** Opening DATA block **
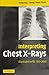 Interpreting Chest X-Rays South Asia Edition by Philip Eng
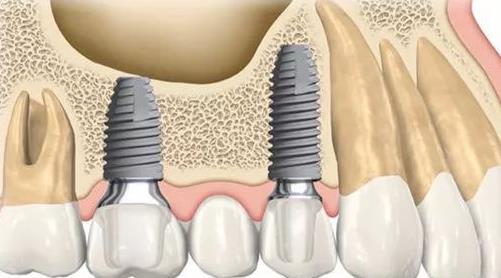 南京醫(yī)科大學(xué)附屬口腔醫(yī)院補(bǔ)牙要多少錢(qián)？醫(yī)院口碑及案例一覽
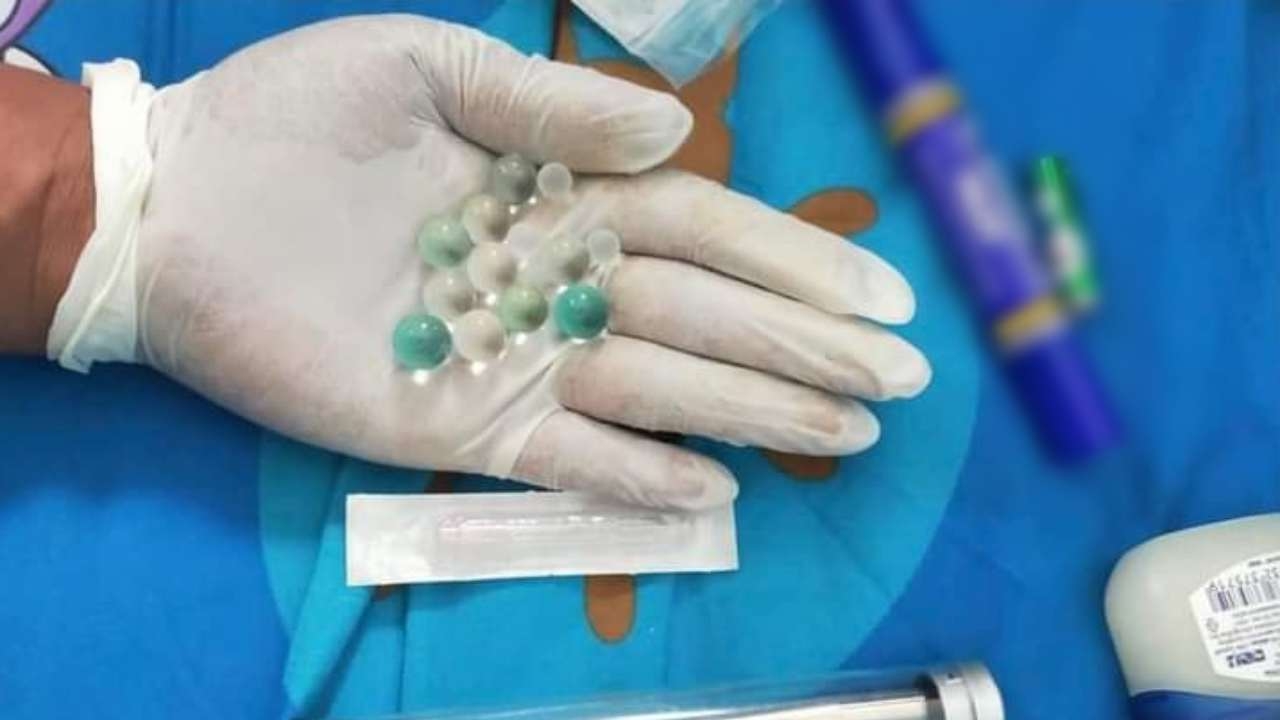 เตือนคลินิกเถื่อน "รับโมเจ้าโลก" ฝังมุก-เพิ่มขนาด เสี่ยงเน่า ติดเชื้อ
** Closing DATA block **
EXERCISE GOAL:
Take the data above and repeat it exactly, leaving each picture out.

FINISHED TASK:
 Interpreting Chest X-Rays South Asia Edition by Philip Eng
 南京醫(yī)科大學(xué)附屬口腔醫(yī)院補(bǔ)牙要多少錢(qián)？醫(yī)院口碑及案例一覽
 เตือนคลินิกเถื่อน "รับโมเจ้าโลก" ฝังมุก-เพิ่มขนาด เสี่ยงเน่า ติดเชื้อ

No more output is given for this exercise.